#### YOUR ASSIGNMENT
From the first line of the records through the line containing "Oltens Vernal Set: Waschbecken", retype every line exactly and nothing else.

[Short descriptive text snippets]
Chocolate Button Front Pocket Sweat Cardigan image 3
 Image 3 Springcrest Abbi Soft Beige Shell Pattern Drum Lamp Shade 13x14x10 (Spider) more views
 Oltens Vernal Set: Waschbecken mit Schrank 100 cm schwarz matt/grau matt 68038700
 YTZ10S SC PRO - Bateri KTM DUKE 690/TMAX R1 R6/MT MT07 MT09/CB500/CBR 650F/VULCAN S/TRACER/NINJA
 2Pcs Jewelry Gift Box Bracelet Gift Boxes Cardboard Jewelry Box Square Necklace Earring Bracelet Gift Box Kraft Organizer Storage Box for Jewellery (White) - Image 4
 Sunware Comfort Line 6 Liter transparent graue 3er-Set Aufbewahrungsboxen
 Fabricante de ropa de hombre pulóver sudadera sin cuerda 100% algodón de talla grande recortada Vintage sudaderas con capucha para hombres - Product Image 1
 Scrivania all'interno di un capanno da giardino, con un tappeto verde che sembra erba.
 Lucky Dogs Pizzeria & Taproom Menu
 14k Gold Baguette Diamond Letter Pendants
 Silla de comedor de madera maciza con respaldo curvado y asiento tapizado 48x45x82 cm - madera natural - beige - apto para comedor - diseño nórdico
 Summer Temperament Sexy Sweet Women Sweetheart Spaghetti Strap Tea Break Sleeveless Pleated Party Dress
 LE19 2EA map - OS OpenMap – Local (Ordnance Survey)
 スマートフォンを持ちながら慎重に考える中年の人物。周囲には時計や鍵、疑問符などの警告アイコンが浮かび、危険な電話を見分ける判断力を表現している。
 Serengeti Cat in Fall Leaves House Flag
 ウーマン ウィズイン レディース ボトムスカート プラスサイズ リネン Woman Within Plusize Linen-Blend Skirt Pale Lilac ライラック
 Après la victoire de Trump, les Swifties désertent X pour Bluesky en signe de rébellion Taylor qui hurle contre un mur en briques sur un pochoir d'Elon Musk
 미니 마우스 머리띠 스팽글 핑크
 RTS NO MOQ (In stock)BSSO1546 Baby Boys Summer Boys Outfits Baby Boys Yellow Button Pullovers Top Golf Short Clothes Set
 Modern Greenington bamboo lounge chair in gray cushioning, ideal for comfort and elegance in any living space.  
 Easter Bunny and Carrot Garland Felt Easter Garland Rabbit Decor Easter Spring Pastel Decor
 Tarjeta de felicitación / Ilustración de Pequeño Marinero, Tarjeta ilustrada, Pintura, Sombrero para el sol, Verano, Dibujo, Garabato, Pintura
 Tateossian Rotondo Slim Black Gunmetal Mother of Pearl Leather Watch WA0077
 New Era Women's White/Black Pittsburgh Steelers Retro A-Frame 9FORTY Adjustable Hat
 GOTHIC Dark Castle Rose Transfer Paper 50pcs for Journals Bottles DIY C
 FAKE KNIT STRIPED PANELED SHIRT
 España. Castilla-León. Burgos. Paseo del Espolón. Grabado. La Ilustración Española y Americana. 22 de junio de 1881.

#### FINISHED TASK
Chocolate Button Front Pocket Sweat Cardigan image 3
 Image 3 Springcrest Abbi Soft Beige Shell Pattern Drum Lamp Shade 13x14x10 (Spider) more views
 Oltens Vernal Set: Waschbecken mit Schrank 100 cm schwarz matt/grau matt 68038700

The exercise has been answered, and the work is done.